Coffee is inexpensive, drinks are the norm, and lunch is predictable. But dinner, on the other hand, means business. If you’re a CIO, it’s time to pick up the phone and invite your CFO to dinner. You have plenty to talk about.
I recently had the opportunity to attend a CFO conference (as a token technology speaker), and I came back energized and enthused. The agenda included myriad topics that could easily be on a CIO conference agenda: innovation, disruption, cybersecurity, and technology-enabled business transformation, for example. CFOs in my session engaged me on topics ranging from assessing IT talent to developing an agile architecture. But once the convention ended, it was the comments from CFOs who don’t understand their company’s technology-investment strategies or trust their CIOs that lingered with me. I mean it, my fellow CIOs. Call your favorite restaurant and reserve a table for two.
I’ll leave the wine-pairing to the sommelier, but here’s a menu of topics that can fruitfully accompany each course.
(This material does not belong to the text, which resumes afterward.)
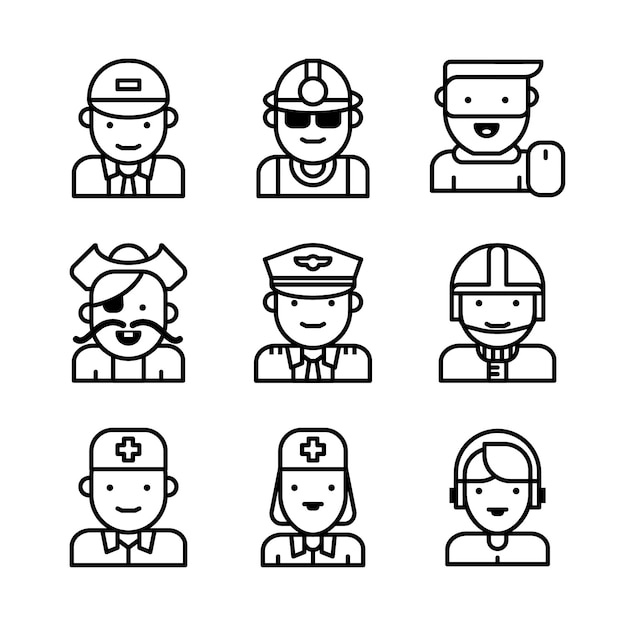 Group of working people | Premium Vector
Mutual funds and portfolio risk over cocktails: If you are a savvy CIO, you have created your technology portfolio like a mutual fund—where you are balancing risks across various technology investments. Often, business and functional leaders miss the risk part, partly because we have done a poor job of communicating it to them. More than anybody else in an organization, they understand the risk-reward equation. You have to discipline yourself to highlight and track the risks and benefits. A CIO of a large high-tech company who does this really well had the following advice for CIOs: “We (CIOs) are in the predictions business. If we aren’t making big bets around our future business needs, we are holding back our organizations and setting ourselves up for failure.” Naturally, some bets pay off big while others don’t, but most importantly, this approach will enable you to be a proactive business partner—rather than a reactive one.
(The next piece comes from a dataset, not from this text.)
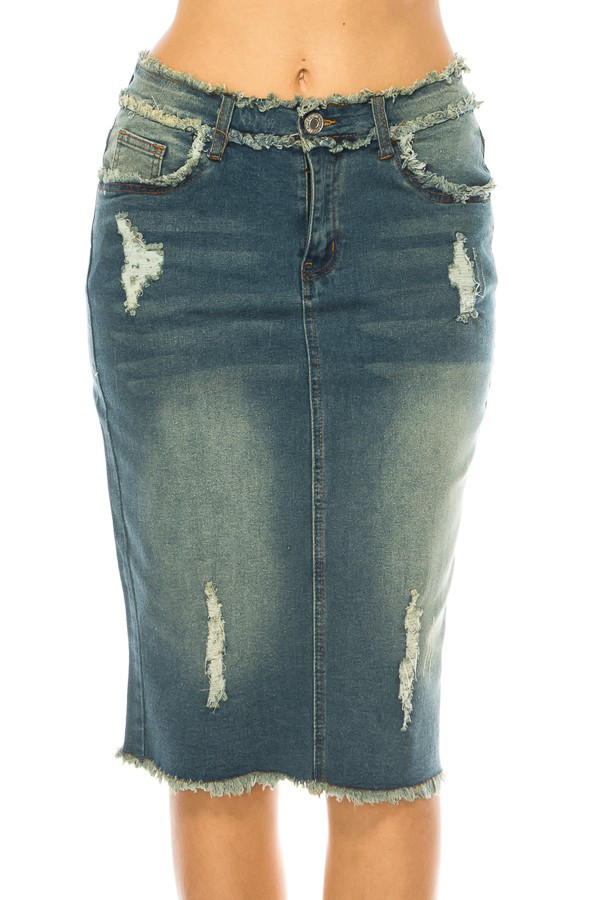 Denim Skirt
Stocks and valuations with the salads: Every stock broker has a valuation methodology that they use to figure out if a stock is worth investing in. All too often, CFOs feel ill-equipped to evaluate technology investments. CFOs frequently ask me, “How do I know if I am overinvesting or underinvesting in IT?” It doesn’t matter what methodology you come up with, but make sure your CFO and business leaders understand how to evaluate technology investments. It is fascinating to see how much time organizations spend building business cases without going back to evaluate actual benefits. Contemplating investments is a significant undertaking, but tracking their actual performance is even more important. And CFOs can become your best friends simply based on their ability to hold business leaders accountable.
Venture funding and entrees: Two elements of venture funds are important for CIOs to understand and apply: stage-gate investing and strong governance and accountability. Both are usually missing from strategic technology investments. Involving a non-technologist (CFO) in technology governance can add perspective and discipline that helps you to think like a venture investor. Ask your CFO to lead your technology governance. It will almost certainly lend more transparency and credibility to your undertakings. But much more importantly, you now have a joint owner for technology governance. One CIO/CFO duo uses the shark tank model for funding and on-going investment decisions around their technology innovation initiatives.
Forecasts and projections for dessert: Market analysts know that historical data is an input, but it can’t predict a stock’s future success. Analysts are always on the lookout for the disruptors that will influence a stock price. Technology platforms such as cloud, mobile, and analytics could all be disruptors within a given context, but the disruptors could also be the legacy and mainframe environments that are holding you back from making your technology environment agile. The disruptors could also be scientific breakthroughs (3D printing) or regulatory changes (healthcare in the United States). As a CIO you need to identify those disruptors. Your CFO can help you understand and articulate the impact of these potential disruptors on your business.
One last word of advice: Give your credit card to your server ahead of time. This will remove the awkward arrival of the bill, and it will symbolically demonstrate that you are committed and willing to proactively invest in this relationship.